Note that there are both student and parent loans for college. Federal subsidized or unsubsidized student loans are the first loans your student should take, if you take on any debt. For a dependent student, the total maximum is $31,000 in federal student loans for an undergraduate degree (unless the parents can’t qualify for a Parent PLUS loan, in which case it can be higher). If you need more, you will need to consider one of the following options:

  • Federal PLUS Loans (Parent PLUS or Graduate PLUS): Direct PLUS loans are available to parents of undergraduates.They may borrow an amount equivalent to the annual cost of attendance (as determined by the school) minus any other financial aid received. PLUS loans do require a credit check, but approval is much easier than what is generally required for private student loans.
  • Private Loans: Private student loans are available to both parents and students. Students borrowing privately will almost always need a co-signer, a person who has the income and credit rating required to be approved for the loan, and who agrees to pay the loan if the student cannot.

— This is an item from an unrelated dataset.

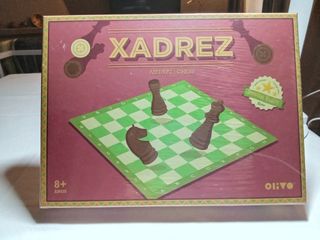 Vendo jogo de tabuleiro de Xadrez -Olivo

The payment history is also reported on the co-signer’s credit report. Private student loans are considered an alternative to PLUS loans because of lower interest rates offered to borrowers or borrowers with co-signers with good credit.

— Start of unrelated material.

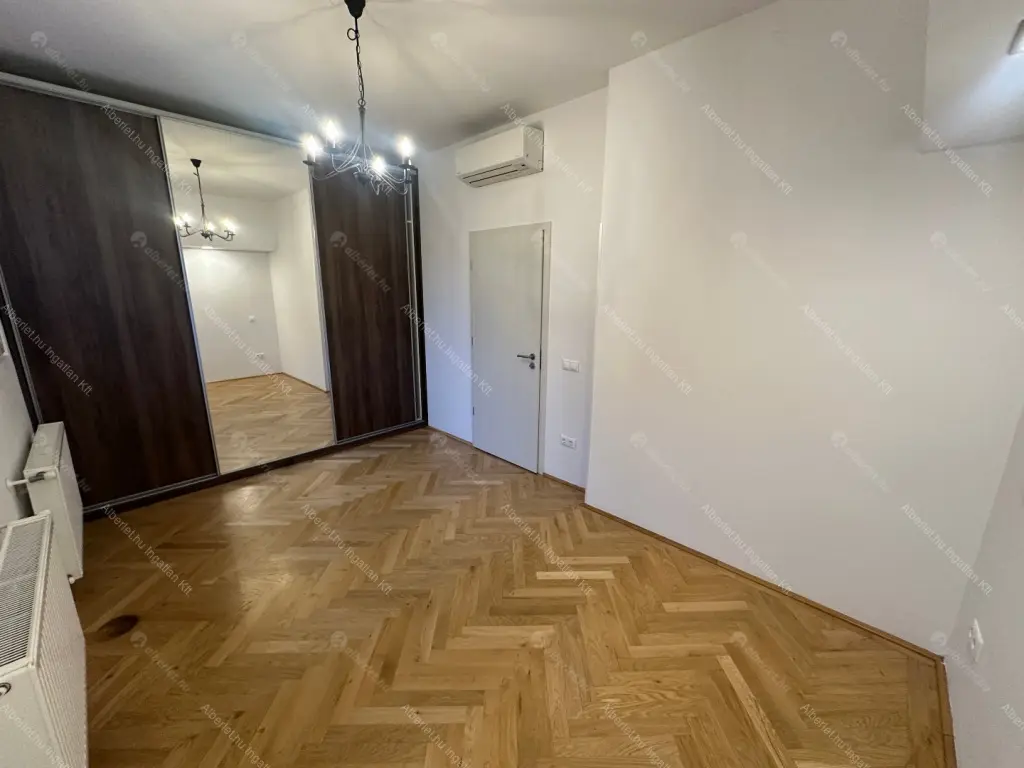 Kiadó albérlet 380000 Ft/hó áron: Budapest, I. kerület  Csalogány utca. Mérete: 65 nm, 3 szobás | Alberlet.hu - 6692875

The bottom line: if you have good credit, you could have the option to borrow a lot for college—perhaps up to the full cost—which might be too much debt and hard to pay off. It can be easy to get in over your head at the end of the process, which is why it’s important to set your own limits ahead of time.

 

Making sure you can repay

One guide to how much to borrow is to look at how much the student will be earning right after college. The benchmark we use: you shouldn’t borrow more than your estimated starting salary during your first year out of college. This is a good rule of thumb to ensure that you have enough income to comfortably make your student loan payments over a typical ten-year repayment term. So, if your student anticipates that they’ll earn $40,000 in their first entry- level job after graduation, they shouldn’t take out more than $40,000 in total student loans.

You can research potential salaries on sites like College Scorecard, Edmit, Federal Student Aid’s Career Search tool, Payscale, or through the college career office. You can also look at monthly payments and income numbers and aim for 10% of your student’s monthly income to go towards loan repayment (this is a slightly more conservative benchmark).

We encourage parents to look at your own goals and life plans and assess how contributing to the education of all of your children will affect your lifestyle and future retirement. When you apply for student loans you’ll be approved based on family income, not on what you can safely afford. Use a loan calculator (there are many options available online) to see how much you’ll need to pay monthly for different loan amounts. If you can’t afford to make the payment now, you more than likely won’t be able to afford it when your student finishes college.

Your contributions, plus the loans you could afford, will give you a rough estimate of how much you can responsibly pay for college over the full period. Talk through these numbers with your student and agree on them together.